In vitro PNMA expression plasmids described above were transformed into Rosetta 2 (DE3) pLyseS cells. A single colony was inoculated in Terrific Broth (TB) media overnight at 37 °C with 100 ug/mL ampicillin and 25 ug/mL chloramphenicol. When optical density 600 (OD600) reached 0.6, the culture was cooled to 4 °C for 30 min. IPTG was added to a final concentration of 0.5 mM, and the culture was incubated at 21 °C for 20 h. Bacteria were centrifuged at 4,000 rpm for 15 min, media supernatant was decanted, and the bacterial pellet was then resuspended in a lysis buffer containing 50 mM Tris pH 8, 250 mM NaCl, and 0.5 mM TCEP. Lysis was achieved with two passes through the LM20 Microfluidizer system at 27,000 p.s.i. The lysis was cleared with centrifugation at 9,000 rpm for 30 min. The lysis was incubated with 2 mL amylose beads for 2 h at 4 °C. The amylose beads were washed, and the bound PNMA2 was cleaved overnight with lysis buffer with 1.5% NP-40 and 1 μg/mL bdSENP1. The elution was collected and used for SEC analysis using an AKTA pure system with Superdex200 increase 10/300 GL column with an isocratic run using lysis buffer at 0.4 mL/min.

Negative Staining and Transmission Electron Microscopy.

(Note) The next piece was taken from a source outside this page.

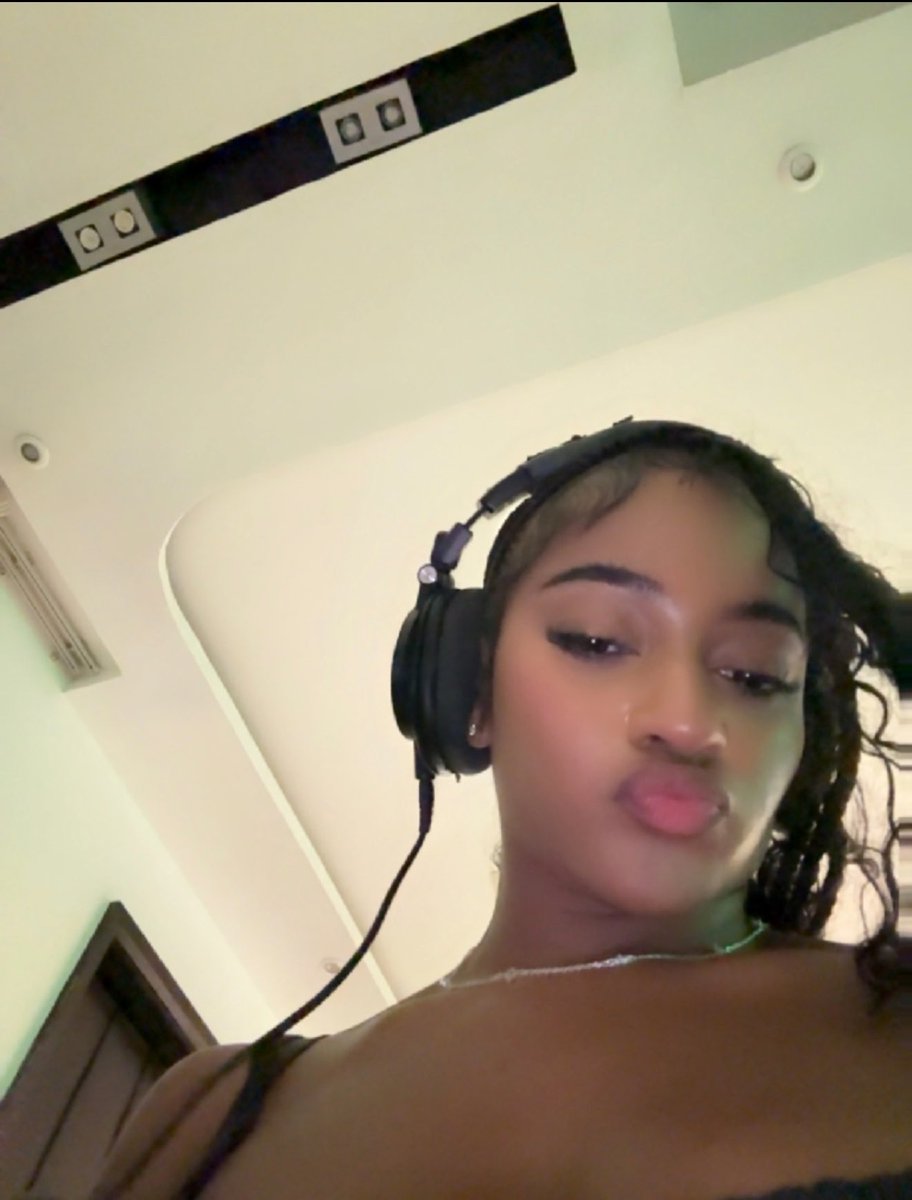 iamtaylorjasmin's tweet photo. until I met you…. (2026) 🇳🇬🇺🇸 https://t.co/b4dwusCH9M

For sample preparation of TEM imaging grids, 5 μL of sample at a protein concentration of approximately 0.3 mg/mL was loaded onto glow-discharged, carbon-coated 300-mesh copper grids (Electron Microscopy Sciences #FCF300-CU-50). The sample was adhered to the grid for one minute at room temperature and stained in five sequential droplets for a total of one minute in freshly filtered 2% uranyl formate. Following the staining procedure, excess uranyl formate was carefully blotted off with Whatman filter paper (Cytiva, #1001-032). The grid was dried at room temperature for 1 min before placement into a grid holder. All TEM images were acquired using the FEI Tecnai (G2 Spirit TWIN) 120-kV multipurpose TEM at the MIT MRL facility. The grid was mounted on a JEOL single tilt holder equipped in the TEM column and cooled down with liquid nitrogen. The microscope was operated at 200 kV and with a magnification in the range of 10,000~60,000×, and all images were recorded on a Gatan 2kx2k UltraScan CCD camera.

Cell Culture.

U20S cells (ATCC HTB-96) were maintained in McCoy’s 5A (Modified) Medium supplemented with 10% fetal bovine serum and 100 U/mL penicillin-streptomycin.

HEK293FT (Thermo Fisher R700-07), HeLa (ATCC CCL-2), U87 (ATCC HTB-14), and Neuro2A (ATCC CCL-131) cells were maintained in Dulbecco’s Modified Eagle Medium supplemented with 10% fetal bovine serum and 100 U/mL penicillin-streptomycin. U20S, HeLa, U87, and Neuro2A cells were transfected with Lipofectamine 3000 (ThermoFisher, L3000001) at 80% confluence, and media were changed 4 h post transfection to reduce toxicity. HEK293FT were transfected at 70% confluence with PEI HCl MAX (Polysciences 24765-1).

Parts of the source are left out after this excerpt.